沖縄戦の集団自決の記述から「日本軍の強制」が削除された教科書検定問題は、大規模な県民大会を経て直ちに再修正の動きが始まった。
政府は「県民感情へ配慮は必要」と記述の復活を示唆し、
沖縄側は「県民の意向に耳を傾けていただき非常にありがたい」(仲井真弘多知事)と評価、一件落着の様相だ。
だが、「配慮」による政治決着は、問題再燃の火種を残す可能性がある。

全TV局生中継
再修正の直接の契機となった九月二十九日の県民大会には主催者発表で約十一万人(県警調べ約四万二千人)が集まった。
大会はPTA連合会会長のアピールで幕を開けた。
「沖縄戦の死者の怒りの声が、大和の政治家や文科省には届かないか。生きている私たちが声を一つにして訴えよう」。
大会は県議会が主導し県知事や教育長も職員や学校長の参加を求めた。
NHKと民放三社の地元テレビ全局が大会の模様を生中継し、地元の新聞二紙は号外を発行した。
福田康夫首相は今月三日の衆院本会議で「県民の思いを強く受け止め、しっかりと検討していく」と答弁。
文部科学省は「沖縄の心を重く受け止めていろいろ検討」(渡海紀三朗文科相)した結果、
教科書会社からの訂正申請を受理する形で、軍関与の記述を復活させる道が開かれた。
だが、「事実の再検討」ではなく「配慮」での記述復活は今回が二度目だ。
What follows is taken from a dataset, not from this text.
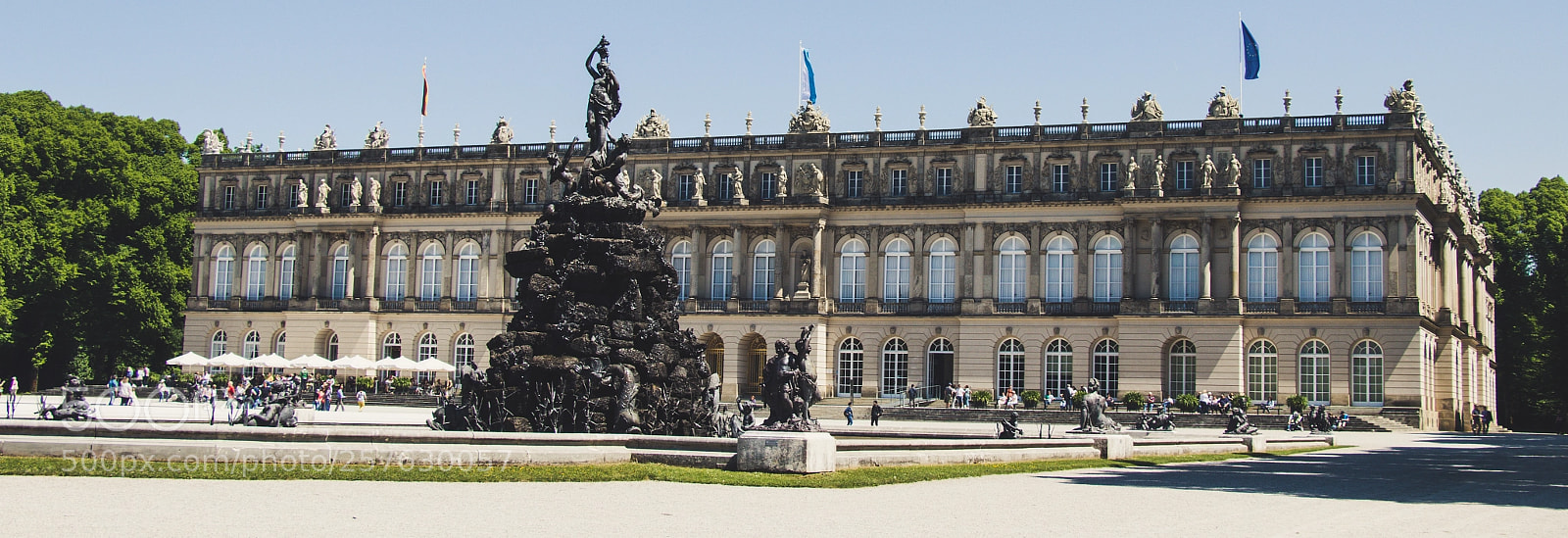 Canon EOS 77D (EOS 9000D / EOS 770D) sample photo. Neues schloss herrenchiemsee photography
政権が変われば繰り返す可能性がある。 
一九八一年度の教科書検定でも、「日本軍による住民虐殺」の記述が削除されたことに沖縄県民が抗議。
小川平二文部相(当時)が「次の機会で県民の気持ちに配慮して検定を行う」と国会で答弁し、
八三年度の検定で表現が復活した。

中韓に波及懸念
さらに、「配慮」は国外に広がる可能性もある。
外務省のある幹部は「中国や韓国からの抗議に政府は『教科書の内容は政治関与で変更できない』と説明してきた。
もし、『国内の抗議には配慮するのか』と両国から詰め寄られたら、返す言葉がない」と困惑する。
記述回復を求める県議会の意見書に反対した自民党県議の小渡亨氏は
「沖縄では今、日本軍を批判しないと『非県民』扱いされる。言論の自由がない戦前と同じ空気がある」と政治問題化する現状を批判する。
さらに「大事なのは配慮ではなく事実」と強調する。
現行の検定制度は戦前の国定教科書への反省から生まれた。
中央と地方の政治力対決ではなく、一部で提案のある研究機関の設置などで徹底した史実の究明をすべきだろう。
歴史問題が政治問題化することで、教科書会社が集団自決の記述そのものを削除する萎縮効果さえ招きかねない。
(那覇支局長 大久保潤)

▼「集団自決」をめぐる教科書検定問題
文部科学省は三月、来年度から使われる高校教科書の沖縄戦の集団自決について、
旧日本軍の命令の有無を巡る裁判が係争中であることや、
「すべてのケースで旧日本軍の命令があったわけではない」として、軍の強制について修正を求める検定意見を公表した。
意見を受け「日本軍が配った手りゅう弾で集団自害と殺し合いが起こった」などと軍強制を表す記述が消えた。